An exact copy of the records below is required, and it must contain no pictures.

|---|

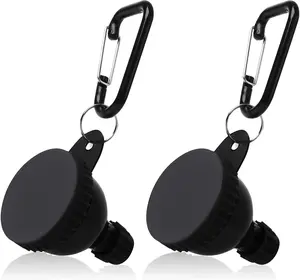 2 Pcs Protein Powder Container, Portable Protein Powder Travel Container, Protein Powder Funnel, Water Bottle Funnels for Powder Mixes, Pre Workout/Gym Supplement Funnel Keychain (50ml)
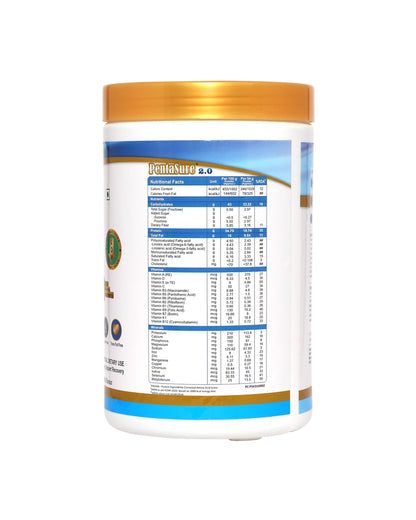 Pentasure 2.0 High Protein High Calorie Mass Gainer Powder, 100% Whey Protein, 34.7g Protein Per 100g, Multiple Sizes - front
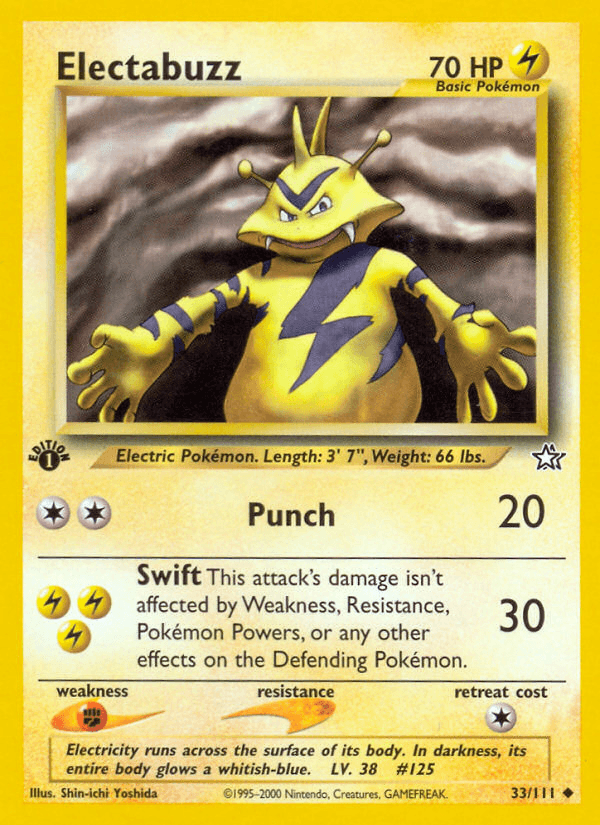 Electabuzz (33/111) [Neo Genesis 1st Edition] (Online Only)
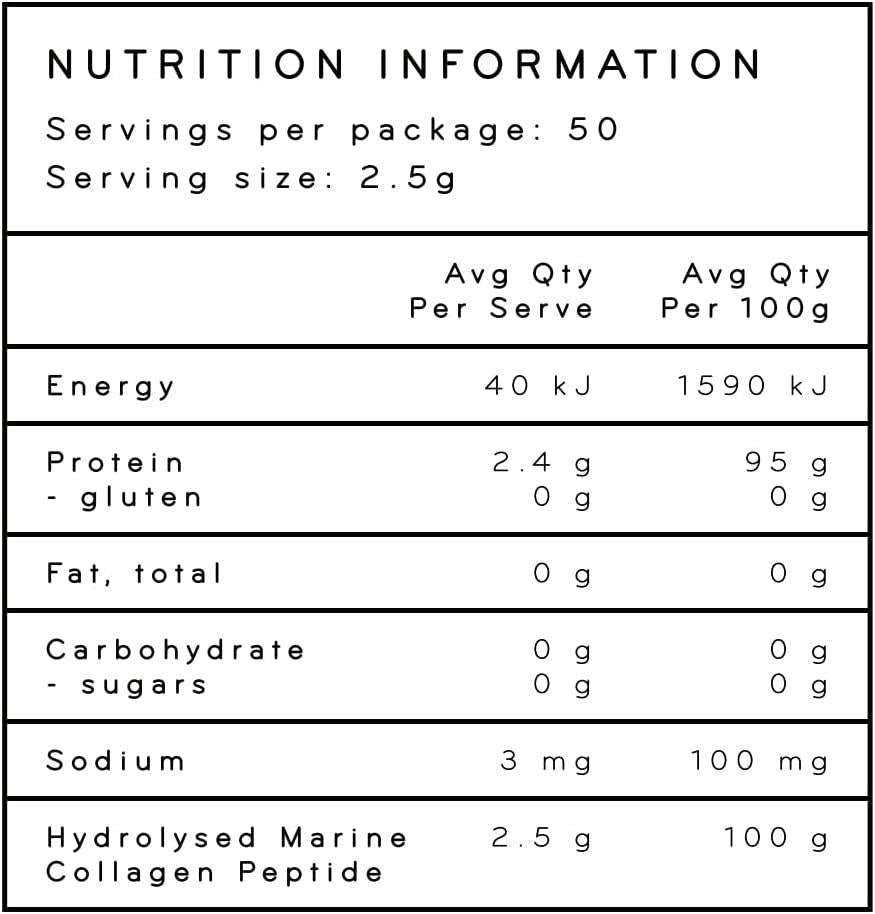 Glow Proteins Glow Elixir Premium Marine Collagen Powder 125 grams | 50 Servings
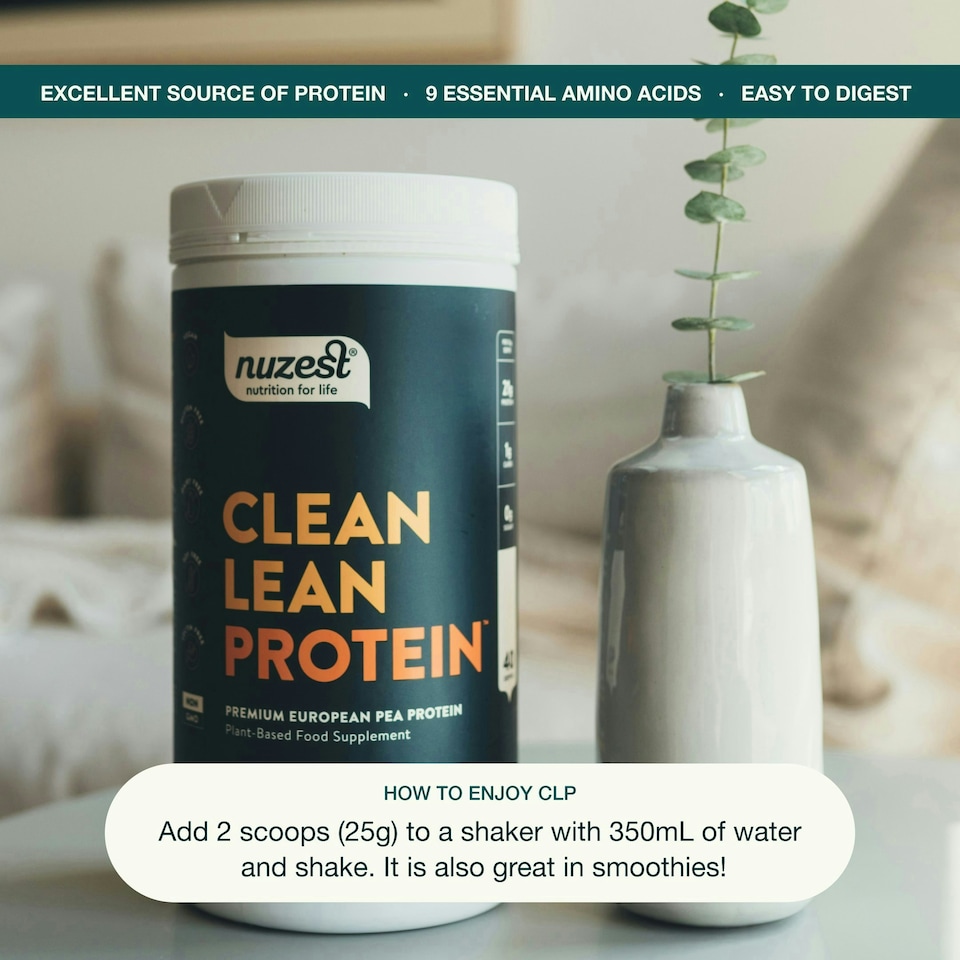 image 1 of Clean Lean Protein - Just Natural Pea Protein Powder - Vegan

|---|

- [Output]:
 2 Pcs Protein Powder Container, Portable Protein Powder Travel Container, Protein Powder Funnel, Water Bottle Funnels for Powder Mixes, Pre Workout/Gym Supplement Funnel Keychain (50ml)
 Pentasure 2.0 High Protein High Calorie Mass Gainer Powder, 100% Whey Protein, 34.7g Protein Per 100g, Multiple Sizes - front
 Electabuzz (33/111) [Neo Genesis 1st Edition] (Online Only)
 Glow Proteins Glow Elixir Premium Marine Collagen Powder 125 grams | 50 Servings
 image 1 of Clean Lean Protein - Just Natural Pea Protein Powder - Vegan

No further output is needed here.